How will the government know whether that excise tax has actually been paid?
You guessed it — legal cannabis producers will have to prove they've paid up by marking their product with special government stamps. Recently released information from the Canadian Revenue Agency reveals how those stamps will work.
Before sending any cannabis products to wholesalers or retailers, legal cannabis companies will need to mark those products with a cannabis excise stamp purchased directly from the CRA. The stamps will come in special colours indicating the province or territory in which the product is intended to be sold, the agency says.
Each stamp will be 20 millimetres by 40 millimetres in size, with a unique identifying code. An engraved latent image will show the letter "C" when viewed from certain angles. "Colour shift ink" will also change colours when the stamp is tilted, and "anti-copy line work" will make the stamps harder to fake.
If that wasn't enough, the stamps will include ink that's only viewable under a blacklight.
In order to get the stamps, cannabis licensees will have to register with the CRA and order online in bundles of 500. Those licensees will need to keep careful track of their stamps — the CRA will impose penalties if any stamps go unaccounted for.

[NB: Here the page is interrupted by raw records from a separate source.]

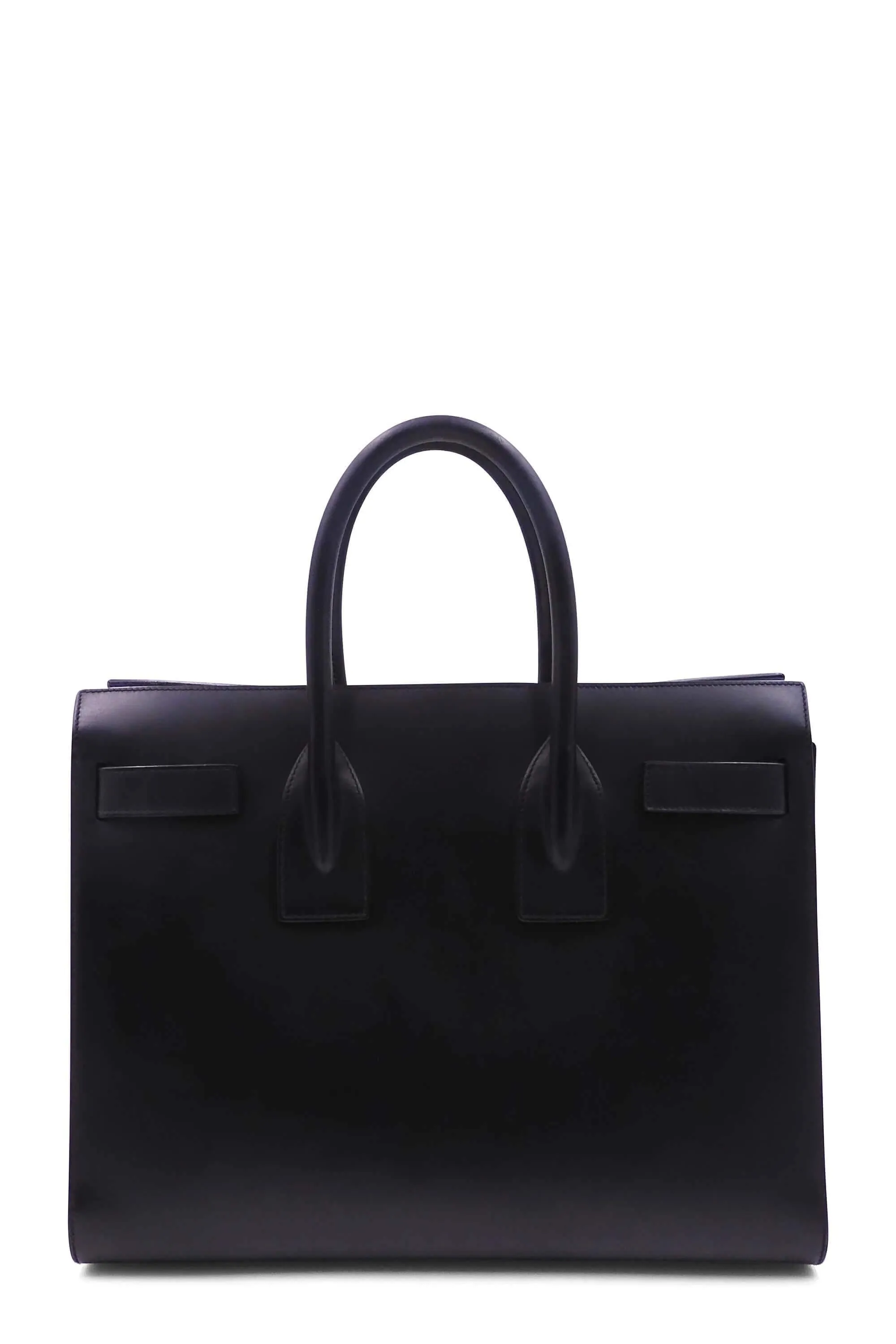 Classic Small Sac De Jour Black Blue In Smooth Leather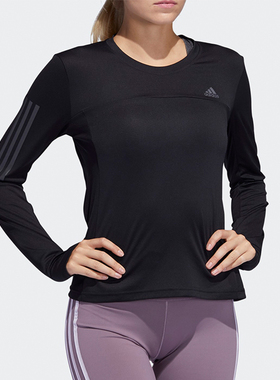 Adidas/阿迪达斯正品26夏新品女子跑步运动休闲潮长袖T恤ED9311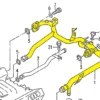 078121071N Audi Stainless Steel Hose - Image 2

Aside from legal cannabis producers and some other licensees, anyone selling or possessing unstamped, unpackaged cannabis products would be in violation of the federal Excise Act. Cannabis meant for legal export, or cannabis defined as a low-THC cannabis product or a prescription cannabis drug wouldn't require the stamps.
Stamp aficionados should be aware that cannabis excise stamps aren't meant for the general public. According to the CRA, the stamps are only supposed to be possessed by CRA authorized stamp providers, cannabis licensees and anyone authorized to transport the stamps.
Cannabis excise stamps are proof that the federal government plans to exert close control over the legal cannabis market. If cannabis producers want to keep their valuable licences intact, they'll have no choice but to become stamp collectors.